DATA SHOWN.
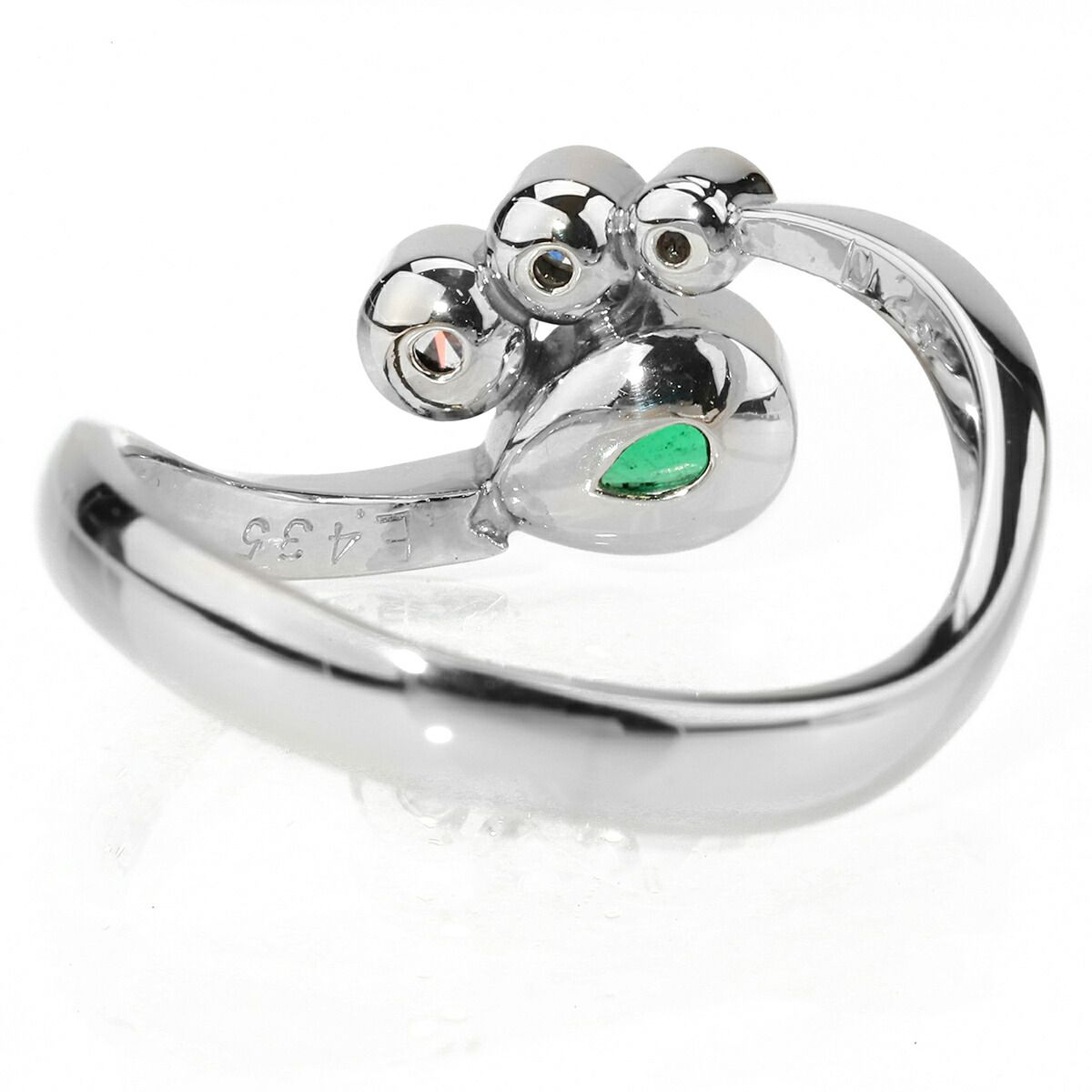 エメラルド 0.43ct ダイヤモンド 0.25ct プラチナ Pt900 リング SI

--

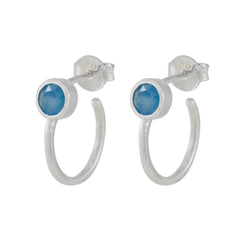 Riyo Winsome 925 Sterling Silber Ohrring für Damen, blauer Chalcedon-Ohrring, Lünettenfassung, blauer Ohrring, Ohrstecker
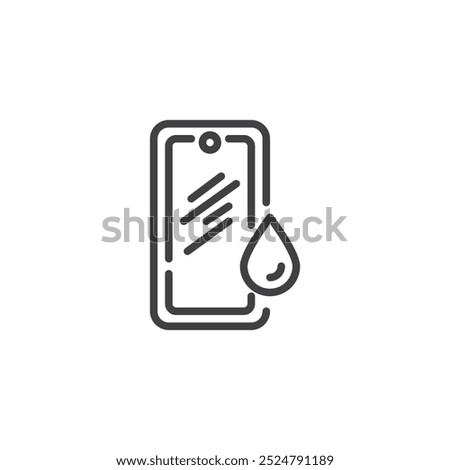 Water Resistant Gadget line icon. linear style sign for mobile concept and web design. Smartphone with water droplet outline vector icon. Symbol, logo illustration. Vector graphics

---

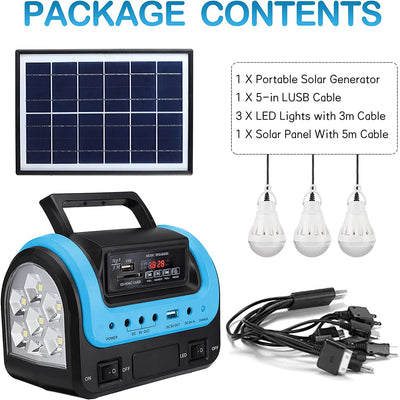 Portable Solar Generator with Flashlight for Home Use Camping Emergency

WHAT THE TASK ASKS. Everything from the line with "Riyo Winsome 925" through the line with "Water Resistant Gadget" in the material above should be transcribed exactly, except the pictures.

SOLUTION TO THIS PROBLEM.
 Riyo Winsome 925 Sterling Silber Ohrring für Damen, blauer Chalcedon-Ohrring, Lünettenfassung, blauer Ohrring, Ohrstecker
 Water Resistant Gadget line icon. linear style sign for mobile concept and web design. Smartphone with water droplet outline vector icon. Symbol, logo illustration. Vector graphics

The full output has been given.